Fleeing from her family home and now homicidal boyfriend, Ana twists and weaves
through rows of identical looking houses on identical looking streets as
friends and neighbours are being ripped open and torn apart. There's no slow
tense thirty minute stack of cards being built up to be knocked down in this
film.
It's not long before
Ana regaining consciousness after a crash teams up with Police Sergeant Kenneth
Hall (Ving Rhames) and the only other genuinely reasonable and level headed
member of the group Michael (Jake Weber). Shortly after they bump into Andre (Mekhi
Phifer) and his pregnant wife, Luda (Inna Korobkina) who are retreating from
the opposite direction.
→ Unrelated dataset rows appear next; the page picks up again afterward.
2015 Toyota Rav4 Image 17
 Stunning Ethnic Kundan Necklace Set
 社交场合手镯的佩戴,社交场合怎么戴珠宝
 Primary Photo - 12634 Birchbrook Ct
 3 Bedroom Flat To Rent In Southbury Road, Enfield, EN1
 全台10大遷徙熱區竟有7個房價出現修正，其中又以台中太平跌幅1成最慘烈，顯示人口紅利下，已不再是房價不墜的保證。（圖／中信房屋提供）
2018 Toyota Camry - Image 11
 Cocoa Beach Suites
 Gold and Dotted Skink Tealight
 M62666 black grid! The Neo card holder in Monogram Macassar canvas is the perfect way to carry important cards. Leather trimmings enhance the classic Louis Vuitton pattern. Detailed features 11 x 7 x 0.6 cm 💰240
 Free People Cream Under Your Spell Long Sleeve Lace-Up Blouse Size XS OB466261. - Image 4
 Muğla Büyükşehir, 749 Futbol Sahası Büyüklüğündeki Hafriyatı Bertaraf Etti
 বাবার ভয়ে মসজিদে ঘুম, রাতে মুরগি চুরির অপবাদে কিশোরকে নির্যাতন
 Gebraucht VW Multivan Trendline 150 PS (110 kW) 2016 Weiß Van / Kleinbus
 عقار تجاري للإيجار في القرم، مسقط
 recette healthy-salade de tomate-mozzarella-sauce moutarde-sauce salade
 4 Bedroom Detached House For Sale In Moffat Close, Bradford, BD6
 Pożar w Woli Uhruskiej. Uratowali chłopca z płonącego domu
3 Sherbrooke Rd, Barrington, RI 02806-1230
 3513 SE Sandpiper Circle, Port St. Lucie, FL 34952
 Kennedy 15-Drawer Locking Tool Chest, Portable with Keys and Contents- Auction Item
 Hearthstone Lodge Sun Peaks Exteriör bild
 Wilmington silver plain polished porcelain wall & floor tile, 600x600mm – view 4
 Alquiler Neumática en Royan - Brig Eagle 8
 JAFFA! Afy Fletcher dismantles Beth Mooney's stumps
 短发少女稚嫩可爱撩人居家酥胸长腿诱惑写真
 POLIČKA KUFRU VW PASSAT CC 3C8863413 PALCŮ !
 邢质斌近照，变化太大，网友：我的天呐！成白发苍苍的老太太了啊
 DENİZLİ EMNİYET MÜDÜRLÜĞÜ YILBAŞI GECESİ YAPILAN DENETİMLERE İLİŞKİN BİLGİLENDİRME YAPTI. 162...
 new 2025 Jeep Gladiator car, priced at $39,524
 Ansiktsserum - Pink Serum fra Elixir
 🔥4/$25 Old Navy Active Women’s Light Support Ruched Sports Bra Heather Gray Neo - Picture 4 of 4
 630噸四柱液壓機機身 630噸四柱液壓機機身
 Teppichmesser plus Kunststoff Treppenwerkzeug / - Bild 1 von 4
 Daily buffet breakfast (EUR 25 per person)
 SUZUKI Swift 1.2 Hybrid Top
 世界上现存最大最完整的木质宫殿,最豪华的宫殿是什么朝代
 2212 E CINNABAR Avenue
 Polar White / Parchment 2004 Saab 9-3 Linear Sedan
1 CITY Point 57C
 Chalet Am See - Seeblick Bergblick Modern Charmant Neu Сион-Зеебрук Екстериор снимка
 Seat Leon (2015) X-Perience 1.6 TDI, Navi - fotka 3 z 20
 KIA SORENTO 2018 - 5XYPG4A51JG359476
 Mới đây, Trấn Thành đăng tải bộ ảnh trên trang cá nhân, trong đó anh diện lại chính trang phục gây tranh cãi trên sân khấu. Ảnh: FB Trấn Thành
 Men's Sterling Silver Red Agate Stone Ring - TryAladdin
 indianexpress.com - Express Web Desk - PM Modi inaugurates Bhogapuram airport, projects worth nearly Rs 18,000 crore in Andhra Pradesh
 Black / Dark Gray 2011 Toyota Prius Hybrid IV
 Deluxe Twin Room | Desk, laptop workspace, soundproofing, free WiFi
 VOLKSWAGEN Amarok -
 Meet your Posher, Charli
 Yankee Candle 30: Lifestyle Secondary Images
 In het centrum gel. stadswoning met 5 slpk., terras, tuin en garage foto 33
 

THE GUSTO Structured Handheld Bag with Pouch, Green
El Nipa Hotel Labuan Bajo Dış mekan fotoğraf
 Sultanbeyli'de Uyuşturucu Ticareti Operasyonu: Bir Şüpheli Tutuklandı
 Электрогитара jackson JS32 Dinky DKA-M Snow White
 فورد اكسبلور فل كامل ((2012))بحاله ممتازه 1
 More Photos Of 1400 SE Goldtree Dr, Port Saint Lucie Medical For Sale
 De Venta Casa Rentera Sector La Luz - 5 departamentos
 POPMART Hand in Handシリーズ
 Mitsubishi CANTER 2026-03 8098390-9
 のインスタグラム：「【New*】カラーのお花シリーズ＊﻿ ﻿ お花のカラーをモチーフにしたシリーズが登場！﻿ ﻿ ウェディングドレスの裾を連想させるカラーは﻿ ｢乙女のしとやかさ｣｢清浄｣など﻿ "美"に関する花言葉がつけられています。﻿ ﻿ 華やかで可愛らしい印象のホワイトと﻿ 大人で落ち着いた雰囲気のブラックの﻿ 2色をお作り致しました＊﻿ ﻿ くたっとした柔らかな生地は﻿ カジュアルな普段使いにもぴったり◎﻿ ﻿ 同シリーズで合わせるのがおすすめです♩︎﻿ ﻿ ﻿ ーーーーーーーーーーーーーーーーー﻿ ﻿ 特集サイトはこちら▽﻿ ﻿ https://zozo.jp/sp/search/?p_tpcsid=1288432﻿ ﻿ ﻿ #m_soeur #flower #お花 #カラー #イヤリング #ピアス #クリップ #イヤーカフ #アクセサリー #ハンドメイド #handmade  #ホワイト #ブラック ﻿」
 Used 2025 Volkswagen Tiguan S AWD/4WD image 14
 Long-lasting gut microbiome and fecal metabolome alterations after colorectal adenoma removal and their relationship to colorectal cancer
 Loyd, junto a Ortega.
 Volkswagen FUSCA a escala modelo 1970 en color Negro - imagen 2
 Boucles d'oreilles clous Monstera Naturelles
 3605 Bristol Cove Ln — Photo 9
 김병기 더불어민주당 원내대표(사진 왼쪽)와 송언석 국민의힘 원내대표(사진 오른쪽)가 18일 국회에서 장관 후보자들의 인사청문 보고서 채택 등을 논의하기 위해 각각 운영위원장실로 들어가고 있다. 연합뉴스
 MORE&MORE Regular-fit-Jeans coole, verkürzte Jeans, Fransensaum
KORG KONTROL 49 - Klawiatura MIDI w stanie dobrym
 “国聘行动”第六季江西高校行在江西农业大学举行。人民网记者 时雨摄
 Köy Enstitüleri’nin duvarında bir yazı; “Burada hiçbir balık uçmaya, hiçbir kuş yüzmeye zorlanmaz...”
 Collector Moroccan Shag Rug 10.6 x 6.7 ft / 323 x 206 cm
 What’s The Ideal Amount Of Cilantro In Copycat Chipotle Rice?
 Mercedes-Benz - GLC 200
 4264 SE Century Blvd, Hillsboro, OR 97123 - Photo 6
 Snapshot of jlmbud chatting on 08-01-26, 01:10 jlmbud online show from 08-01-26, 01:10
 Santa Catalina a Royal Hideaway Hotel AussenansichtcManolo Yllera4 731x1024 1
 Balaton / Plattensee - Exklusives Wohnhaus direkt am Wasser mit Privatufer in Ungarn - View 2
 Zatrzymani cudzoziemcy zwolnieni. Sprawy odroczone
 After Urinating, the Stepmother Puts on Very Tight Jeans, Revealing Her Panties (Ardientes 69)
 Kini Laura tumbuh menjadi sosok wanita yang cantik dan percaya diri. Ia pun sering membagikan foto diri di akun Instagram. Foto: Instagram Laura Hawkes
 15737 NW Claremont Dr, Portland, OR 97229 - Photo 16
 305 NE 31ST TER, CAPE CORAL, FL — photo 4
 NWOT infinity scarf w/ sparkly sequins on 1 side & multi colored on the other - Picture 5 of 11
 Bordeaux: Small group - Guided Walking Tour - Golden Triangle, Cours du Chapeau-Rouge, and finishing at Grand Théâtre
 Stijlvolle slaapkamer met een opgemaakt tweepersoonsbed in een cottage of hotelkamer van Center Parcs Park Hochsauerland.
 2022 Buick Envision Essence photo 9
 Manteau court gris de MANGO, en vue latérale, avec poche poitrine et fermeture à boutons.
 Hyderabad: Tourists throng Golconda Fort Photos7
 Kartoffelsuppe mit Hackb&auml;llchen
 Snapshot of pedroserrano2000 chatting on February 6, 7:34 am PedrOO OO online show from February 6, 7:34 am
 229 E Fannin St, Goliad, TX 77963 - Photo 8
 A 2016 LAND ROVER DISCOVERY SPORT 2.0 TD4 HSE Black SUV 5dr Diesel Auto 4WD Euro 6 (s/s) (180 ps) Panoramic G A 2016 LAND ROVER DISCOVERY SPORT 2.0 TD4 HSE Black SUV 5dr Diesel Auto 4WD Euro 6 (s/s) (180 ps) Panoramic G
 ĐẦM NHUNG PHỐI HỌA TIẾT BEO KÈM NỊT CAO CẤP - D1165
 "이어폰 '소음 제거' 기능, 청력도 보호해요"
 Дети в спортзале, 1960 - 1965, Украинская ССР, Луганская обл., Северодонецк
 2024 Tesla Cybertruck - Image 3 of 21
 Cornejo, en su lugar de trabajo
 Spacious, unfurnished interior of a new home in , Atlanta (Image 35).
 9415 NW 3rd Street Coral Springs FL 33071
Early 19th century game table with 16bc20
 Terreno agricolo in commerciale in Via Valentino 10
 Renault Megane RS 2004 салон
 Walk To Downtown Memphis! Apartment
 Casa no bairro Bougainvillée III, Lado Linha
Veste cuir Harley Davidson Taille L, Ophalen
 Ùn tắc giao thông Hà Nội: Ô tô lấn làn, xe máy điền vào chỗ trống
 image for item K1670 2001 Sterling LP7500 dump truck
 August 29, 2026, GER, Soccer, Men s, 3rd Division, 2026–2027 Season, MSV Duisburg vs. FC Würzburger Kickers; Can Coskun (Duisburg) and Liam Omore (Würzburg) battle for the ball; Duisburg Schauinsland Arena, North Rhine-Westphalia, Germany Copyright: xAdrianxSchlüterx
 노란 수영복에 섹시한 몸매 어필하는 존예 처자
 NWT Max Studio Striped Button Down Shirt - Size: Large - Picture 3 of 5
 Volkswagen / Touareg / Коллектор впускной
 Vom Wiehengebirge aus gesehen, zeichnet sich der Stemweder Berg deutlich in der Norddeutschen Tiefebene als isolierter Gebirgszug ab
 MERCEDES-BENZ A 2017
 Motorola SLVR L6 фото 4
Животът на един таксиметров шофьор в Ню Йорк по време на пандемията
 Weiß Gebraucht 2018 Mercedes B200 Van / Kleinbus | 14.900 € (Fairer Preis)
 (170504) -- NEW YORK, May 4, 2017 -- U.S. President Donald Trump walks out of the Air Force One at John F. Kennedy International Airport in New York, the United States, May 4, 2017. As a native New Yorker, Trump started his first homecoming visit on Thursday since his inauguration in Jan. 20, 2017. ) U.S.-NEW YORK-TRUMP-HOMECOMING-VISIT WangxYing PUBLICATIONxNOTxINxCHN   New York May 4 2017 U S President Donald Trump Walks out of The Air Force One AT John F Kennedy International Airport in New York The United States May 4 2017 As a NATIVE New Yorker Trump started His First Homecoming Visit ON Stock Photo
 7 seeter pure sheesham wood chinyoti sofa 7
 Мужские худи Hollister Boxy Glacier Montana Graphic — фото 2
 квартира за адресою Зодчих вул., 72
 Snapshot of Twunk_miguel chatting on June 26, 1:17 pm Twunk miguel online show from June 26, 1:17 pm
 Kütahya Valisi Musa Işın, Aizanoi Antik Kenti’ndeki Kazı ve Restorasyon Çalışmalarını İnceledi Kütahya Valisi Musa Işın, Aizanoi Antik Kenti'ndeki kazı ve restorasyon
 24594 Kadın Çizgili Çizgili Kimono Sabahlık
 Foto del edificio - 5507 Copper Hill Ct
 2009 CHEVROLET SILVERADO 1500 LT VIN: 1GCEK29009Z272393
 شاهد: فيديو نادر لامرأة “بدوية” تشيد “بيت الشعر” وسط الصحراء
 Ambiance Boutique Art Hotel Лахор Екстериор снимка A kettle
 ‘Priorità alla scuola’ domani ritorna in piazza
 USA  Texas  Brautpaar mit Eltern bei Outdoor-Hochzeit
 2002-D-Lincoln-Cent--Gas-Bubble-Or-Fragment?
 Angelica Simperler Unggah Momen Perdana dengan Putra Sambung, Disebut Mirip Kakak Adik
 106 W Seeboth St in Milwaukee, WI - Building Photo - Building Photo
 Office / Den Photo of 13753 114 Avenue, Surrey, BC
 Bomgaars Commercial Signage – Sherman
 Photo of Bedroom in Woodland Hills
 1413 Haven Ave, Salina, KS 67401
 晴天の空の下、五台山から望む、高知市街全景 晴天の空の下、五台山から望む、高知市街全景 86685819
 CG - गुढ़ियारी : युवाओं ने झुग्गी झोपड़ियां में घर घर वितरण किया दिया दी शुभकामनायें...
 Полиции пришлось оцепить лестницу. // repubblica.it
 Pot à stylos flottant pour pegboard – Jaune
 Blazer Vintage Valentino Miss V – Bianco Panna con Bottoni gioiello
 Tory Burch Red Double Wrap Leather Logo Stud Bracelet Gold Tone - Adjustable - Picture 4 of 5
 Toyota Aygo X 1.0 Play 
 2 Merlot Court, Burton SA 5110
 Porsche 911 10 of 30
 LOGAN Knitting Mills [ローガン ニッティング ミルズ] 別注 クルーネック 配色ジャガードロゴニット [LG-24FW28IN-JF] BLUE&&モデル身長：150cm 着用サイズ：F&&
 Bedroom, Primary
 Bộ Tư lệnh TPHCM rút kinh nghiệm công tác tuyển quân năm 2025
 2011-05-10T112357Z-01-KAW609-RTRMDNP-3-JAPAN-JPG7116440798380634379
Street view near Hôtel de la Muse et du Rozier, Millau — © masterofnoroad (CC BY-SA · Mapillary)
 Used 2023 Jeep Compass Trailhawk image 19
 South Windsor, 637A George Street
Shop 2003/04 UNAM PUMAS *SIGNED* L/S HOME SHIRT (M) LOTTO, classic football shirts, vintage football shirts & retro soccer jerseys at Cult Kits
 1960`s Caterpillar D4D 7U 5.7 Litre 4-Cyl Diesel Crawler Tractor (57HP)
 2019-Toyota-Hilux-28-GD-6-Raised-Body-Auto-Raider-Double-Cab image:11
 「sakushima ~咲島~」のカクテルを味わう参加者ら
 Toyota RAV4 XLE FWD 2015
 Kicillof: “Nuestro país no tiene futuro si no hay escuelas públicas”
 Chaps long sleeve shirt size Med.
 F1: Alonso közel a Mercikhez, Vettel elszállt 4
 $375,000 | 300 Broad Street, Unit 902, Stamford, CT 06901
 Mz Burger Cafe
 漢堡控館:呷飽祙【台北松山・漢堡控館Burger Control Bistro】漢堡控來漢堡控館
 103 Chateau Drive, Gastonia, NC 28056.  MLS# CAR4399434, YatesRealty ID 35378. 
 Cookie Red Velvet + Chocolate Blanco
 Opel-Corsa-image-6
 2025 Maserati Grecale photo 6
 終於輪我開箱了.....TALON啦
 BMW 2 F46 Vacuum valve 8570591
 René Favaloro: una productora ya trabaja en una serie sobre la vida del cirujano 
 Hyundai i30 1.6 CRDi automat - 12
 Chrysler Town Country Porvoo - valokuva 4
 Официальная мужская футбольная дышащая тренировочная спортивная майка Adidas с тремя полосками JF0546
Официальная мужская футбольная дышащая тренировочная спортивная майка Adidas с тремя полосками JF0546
Seemingly cut off from both sides with no place to go
the group follows the original film's lead and makes a bee line for a large
secure looking shopping mall.
Romero's Dead films
always relayed social tensions and anxieties of the time, so whilst set in the
same location as the 70's original, the mordant undercurrents commenting on
societies fear and the absurdities of commercialism is gone, as perhaps it should
be. Without this though the film ends up relying solely on the tried and tested
formula of seeing how a disparate group interacts and copes with surviving the
disintegration of the rules and norms of society amid the constant backdrop of
fear and loss.
Arguing their way past three stubborn security
guards who only grant them entry with big conditions, the disarmed and
imprisoned heroes find themselves facing and I've said this before in other
zombie survival story reviews, the biggest threat to their survival other that
the crazy undead horde knocking on the door, each other.
What makes or breaks
a good apocalyptic zombie tale of survival is the choice of characters and the
dynamics that spin out, and whilst entertaining and engaging those of Dawn of
the Dead are a little cliché and unimaginative. Joined eventually by a rich assortment
of extra personalities who arrive dramatically by lorry including wealthy
bottle swilling yacht owner (Ty Burrell), the ensemble make a good solid
and believable cast and help drive the narrative, but they're all a little
obvious, shallow and forgettable, and there's never much room given for twists or subtlety.
Gone are the
trademark Romero slow shambling blue undead, and what we have are fast and
frenzied and much more lethal looking creatures who have more in common with
Danny Boyle's creations from 28 Days Later, who made their appearance a couple
of years earlier. The undead of Dawn of the Dead are terrifying, deadly and
don't muck about when it comes to hunting down and getting their teeth stuck
into any available human flesh. Unlike Romero's slow ghostly parodies of their
former selves who rarely seem to pose much threat on their own unless they're
in close proximity, there's no room for error with Snyder's blood hungry
runners, who don't get distracted or tired, and always catch up. It's here the
bigger budget and more advanced special effects show there worth; individually
the effects and makeup are as good as you're going to see and there's never a
need to suspend disbelief, but en masse I don't think I've ever seen a zombie
mobs so dense or mind-numbingly immense. In the original you were always aware
of the idea of a vast numbers of zombies swarming round the mall but they were
always spread out in pockets but in this new version Snyder has taken the idea
of horde to a new level with what appears to be thousands of undead all
swollen and packed as one. It's really quite breathtaking.
What Dawn of the
Dead does do well is create very well put together, tightly crafted action
horror film full of suspense, shocks and drama, and whilst possibly being a bit
formulaic like it's characters, it does offer a lot of nice touches throughout
and a few genuine moments of originality. The relation the group has with Andy
(Bruce Bohne) who is stranded alone on the roof of his gun store, across the
zombie-infested parking lot is entertaining and poignant and the climax to the
Andre/Luda scenario is shocking and a sharp reminder that outside the relative
safety of the mall to what depths the world has fallen. There are just not
enough of these moments though and the film treads an all too familiar and safe
path too frequently.
Remakes are
notoriously tricky affairs and remakes of great films that have ingrained
themselves into popular consciousness and the mainstream psyche are impossibly
so. Despite this, what Snyder has actually managed to achieve is remarkable
producing a film that pays acceptable homage to it's origin whilst spins a high
octane constantly enthralling tale in it's own right. The best of the Romero
remakes, Dawn of the Dead is a gruesome action packed spectacle with very few
flaws. It doesn't have the wit, originality or verbosity of the original but
it's a stylish standout testament to the genre. Darker, gorier, more brutal, 7/10.